Triggering chemistry with mechanical forces
Mechanochemical activation can be used, as demonstrated in Wang’s research, to convert a polymer with high ceiling temperature to a more easily degradable low ceiling temperature one. In his work, he has been able to mechanochemically generate poly(2,5-dihydrofuran) (PDHF), an easily degradable but hard-to-synthesise polymer, by converting an unsaturated polyether precursor containing cyclobutane-fused tetrahydrofuran groups in each monomer. This precursor, which represents the locked state of the polymer, has a high ceiling temperature and is extremely stable. Using ultrasonication on the polymer solution or bulk polymer grinding in a ball mill, the unlocked PDHF state can easily be accessed. This species can then be easily and completely decomposed into its (2,5-dihydrofuran) monomers in the presence of a ruthenium-based catalyst.

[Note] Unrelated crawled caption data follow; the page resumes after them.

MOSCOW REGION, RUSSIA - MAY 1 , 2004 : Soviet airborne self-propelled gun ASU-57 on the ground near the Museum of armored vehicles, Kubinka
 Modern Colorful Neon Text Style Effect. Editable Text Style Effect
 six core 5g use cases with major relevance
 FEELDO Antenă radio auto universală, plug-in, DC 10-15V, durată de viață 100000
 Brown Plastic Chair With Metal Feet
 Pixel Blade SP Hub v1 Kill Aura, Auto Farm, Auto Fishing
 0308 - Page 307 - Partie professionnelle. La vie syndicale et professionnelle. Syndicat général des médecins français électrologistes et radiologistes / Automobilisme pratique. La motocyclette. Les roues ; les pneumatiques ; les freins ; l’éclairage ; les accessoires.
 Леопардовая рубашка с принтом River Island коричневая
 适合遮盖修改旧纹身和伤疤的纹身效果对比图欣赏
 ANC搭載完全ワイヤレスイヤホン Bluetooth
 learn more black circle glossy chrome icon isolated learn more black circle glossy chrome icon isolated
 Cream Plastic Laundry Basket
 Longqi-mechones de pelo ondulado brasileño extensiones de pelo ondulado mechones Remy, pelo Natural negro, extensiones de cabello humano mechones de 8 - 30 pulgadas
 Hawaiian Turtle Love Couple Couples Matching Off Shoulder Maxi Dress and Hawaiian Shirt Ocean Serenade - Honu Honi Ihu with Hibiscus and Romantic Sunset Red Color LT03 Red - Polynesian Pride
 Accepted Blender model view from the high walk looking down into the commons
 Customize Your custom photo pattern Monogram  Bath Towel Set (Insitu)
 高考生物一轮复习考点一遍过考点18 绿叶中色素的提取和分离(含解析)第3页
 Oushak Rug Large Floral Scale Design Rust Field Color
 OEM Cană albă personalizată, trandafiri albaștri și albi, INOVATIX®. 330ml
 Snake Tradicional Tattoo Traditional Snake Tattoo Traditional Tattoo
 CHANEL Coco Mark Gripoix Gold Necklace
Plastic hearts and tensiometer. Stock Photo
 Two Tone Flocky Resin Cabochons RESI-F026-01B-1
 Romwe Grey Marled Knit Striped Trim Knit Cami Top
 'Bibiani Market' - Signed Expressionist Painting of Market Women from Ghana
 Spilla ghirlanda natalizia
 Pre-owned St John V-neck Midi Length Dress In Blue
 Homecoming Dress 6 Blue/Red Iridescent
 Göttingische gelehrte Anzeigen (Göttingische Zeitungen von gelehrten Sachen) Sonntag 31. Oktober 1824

The results obtained in this work also indicate that mechanochemical methods can be used to regulate and fine tune the ceiling temperature of diverse classes of recyclable polymers. ‘The mechanochemical generation of otherwise difficult-to-synthesise PDHF’, says Wang, ‘highlights the power of mechanochemistry – initiating chemistry with force in polymers – in accessing elusive structures.’ The ability to create new easily degradable polymers by mechanochemical means may provide a crucial step forward in the creation of next-generation polymers for the sustainable and environmentally friendly production of new synthetic plastic and rubber materials.
Personal Response
What are the advantages of mechanochemical depolymerisation compared to traditional mechanical and chemical plastic recycling strategies?Traditional mechanical recycling typically causes degradation in the mechanical properties. Mechanochemical depolymerisation, or mechanochemical recycling in general, can be viewed as a unique type of chemical recycling in that it allows for recovery of useful building blocks, which can be reused to make plastic materials with quality comparable to virgin polymers. Compared to other chemical recycling approaches, the use of mechanical processing techniques, such as ball milling, is advantageous as it is more efficient in energy use.